Step 5: Configure the hosts to accept all of the Amazon Redshift cluster's IP addresses

To allow inbound traffic to the host instances, edit the security group and add one Inbound rule for each Amazon Redshift cluster node. For Type, select SSH with TCP protocol on Port 22. For Source, enter the Amazon Redshift cluster node private IP addresses you retrieved in Step 3: Retrieve the Amazon Redshift cluster public key and cluster node IP addresses. For information about adding rules to an Amazon EC2 security group, see Authorizing Inbound Traffic for Your Instances in the Amazon EC2 User Guide.

Step 6: Run the COPY command to load the data

Run a COPY command to connect to the Amazon EMR cluster and load the data into an Amazon Redshift table. The Amazon EMR cluster must continue running until the COPY command completes. For example, do not configure the cluster to auto-terminate.

Important

If any of the data files are changed or deleted before the COPY completes, you might have unexpected results, or the COPY operation might fail.

In the COPY command, specify the Amazon EMR cluster ID and the HDFS file path and file name.

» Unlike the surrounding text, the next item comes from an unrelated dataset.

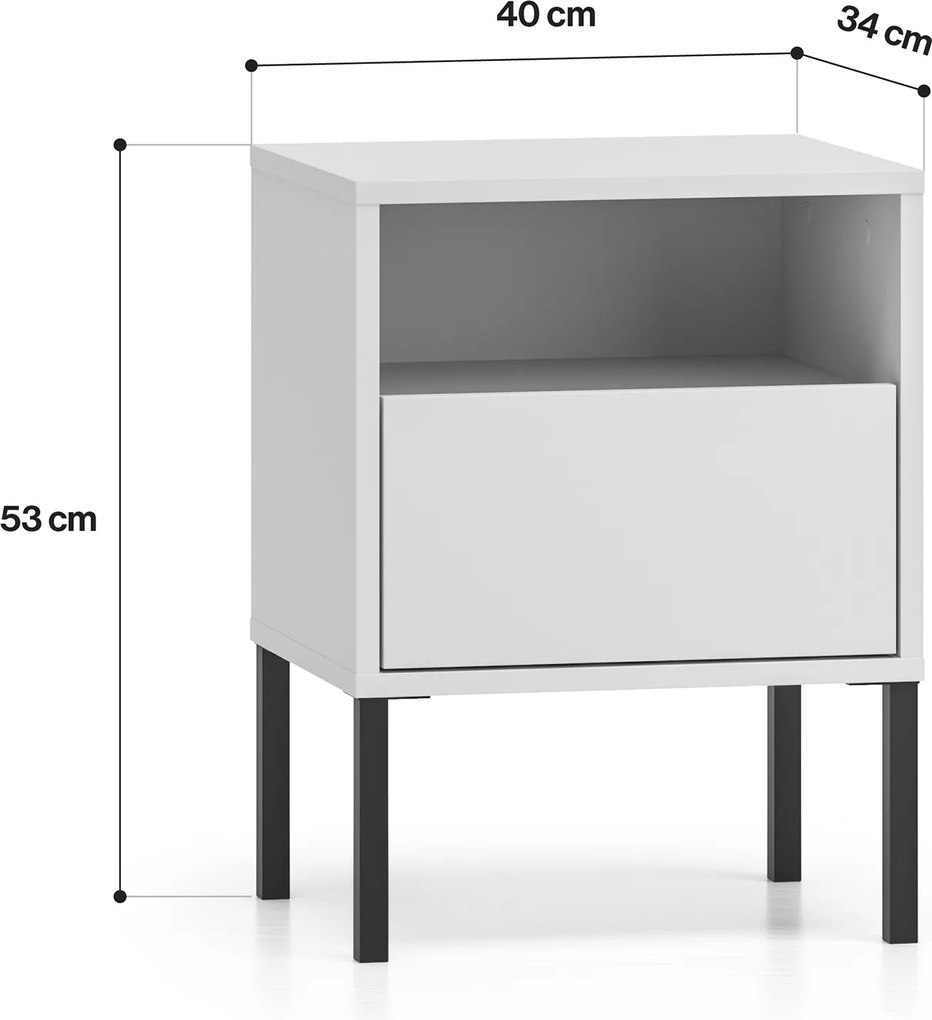 Szafka nocna Harmona 40 cm z szufladą - kaszmir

COPY sales FROM 'emr://myemrclusterid/myoutput/part*' CREDENTIALS IAM_ROLE 'arn:aws:iam::0123456789012:role/MyRedshiftRole';

You can use the wildcard characters asterisk ( * ) and question mark ( ? ) as part of the file name argument. For example, part* loads the files part-0000, part-0001, and so on. If you specify only a folder name, COPY attempts to load all files in the folder.

Important

If you use wildcard characters or use only the folder name, verify that no unwanted files will be loaded or the COPY command will fail. For example, some processes might write a log file to the output folder.